Les principaux droits intégrés au RGPD, dont beaucoup étaient déjà garantis par diverses législations nationales comprennent:

- Le droit à être informé: si un internaute met à disposition une partie de ses données personnelles, il doit désormais savoir à quoi elles serviront, combien de temps elles seront conservées et si elles quitteront l'Union européenne, autant d'informations qui doivent être « claires et simples ».

- Le droit d'accéder à ses données, à les corriger et les supprimer: l'utilisateur d'un service doit pouvoir demander facilement une copie de ses données personnelles. En cas d'erreur, en particulier en cas de préjudice potentiel, l'organisme ou l'entreprise doit rectifier, dans les plus brefs délais, les informations détenues en cas de demande. Il est également possible de demander leur suppression en retirant son consentement à leur usage.

- Le droit à l'oubli: déjà connu des internautes,  qui doit permettre le déréférencement, c'est-à-dire le fait de ne plus voir apparaître des liens lors d'une recherche de contenus portant préjudice à une personne. Cependant, ce droit ne concerne théoriquement pas la liberté d'expression ou d'informer, et ne s'applique pas si l'intérêt public prévaut.

- Le droit de transférer ses données: changer de fournisseur d'adresse électronique sans perdre ses anciens courriels est normalement possible avec le principe de « portabilité des données ». Mais cela peut également concerner le fournisseur d'électricité ou une banque par exemple. L'entreprise dont l'utilisateur se sépare doit pouvoir transférer les données à la nouvelle entreprise prestataire ou, à défaut, remettre l'ensemble des données à l'utilisateur dans un format de fichier qui permette de l'intégrer à un autre système.

- Le droit d'intervenir dans un système automatisé: si les algorithmes jouent un rôle de plus en plus important dans les processus de décision, par exemple pour l'accès aux universités, une possibilité de contestation et de demande d'intervention humaine doit être offerte.

   - Une possibilité de recours en cas de non-respect de ces droits, auprès de la Commission nationale de l'informatique et des libertés (Cnil) de chaque pays d'Europe, qui se chargera alors de transmettre à la Cnil du pays de résidence de l'entreprise ou de l'organisme concerné. La décision finale sera prise par le « G28 », le regroupement des Cnil européennes, s'imposant à tous les pays européens.

Impact du RGPD en Afrique

Le règlement européen est un bon exemple à suivre quant à la protection des données personnelles des citoyens.
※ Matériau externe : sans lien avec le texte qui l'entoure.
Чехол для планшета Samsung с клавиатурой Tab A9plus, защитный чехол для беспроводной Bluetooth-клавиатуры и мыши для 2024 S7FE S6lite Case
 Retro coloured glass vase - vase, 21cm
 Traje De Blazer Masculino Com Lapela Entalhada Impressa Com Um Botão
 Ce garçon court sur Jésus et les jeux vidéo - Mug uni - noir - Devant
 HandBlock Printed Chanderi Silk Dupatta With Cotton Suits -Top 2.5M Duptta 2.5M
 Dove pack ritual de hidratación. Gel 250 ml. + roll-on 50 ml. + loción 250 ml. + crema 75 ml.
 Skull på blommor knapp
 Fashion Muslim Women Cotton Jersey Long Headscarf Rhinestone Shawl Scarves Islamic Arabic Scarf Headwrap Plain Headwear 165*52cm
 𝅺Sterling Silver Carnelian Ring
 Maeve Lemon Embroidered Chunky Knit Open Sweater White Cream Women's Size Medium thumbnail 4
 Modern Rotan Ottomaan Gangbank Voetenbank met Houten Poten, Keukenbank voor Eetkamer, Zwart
Cette mesure forcera les acteurs de l’industrie à assumer leur responsabilité à l’égard des citoyens et à investir dans de nouvelles stratégies de gestion des données personnelles.

Le RGPD incitera sans doute les pays Africains à accroître leur niveau de protection de données et à déployer plus d’efforts afin de gérer les données personnelles des citoyens. Ces pays doivent adapter ce règlement au contexte de leur région et surmonter maints défis tels que le renforcement des mesures de sécurité et l’augmentation de l’investissement dans la protection des données. Les entreprises doivent œuvrer afin de pouvoir rapporter les violations de données dans un délai de 72 heures et nommer une équipe spécialisée en la protection des données et de la vie privée des consommateurs.

Selon Gregg Petersen, vice-président de vente régional pour le Moyen-Orient et l’Afrique chez Veeam Software, chaque entreprise doit savoir le type de données qu’elle détient, si elles sont stockées et comment. Elle doit aussi savoir pourquoi elle les détient et comment elle les a détenues.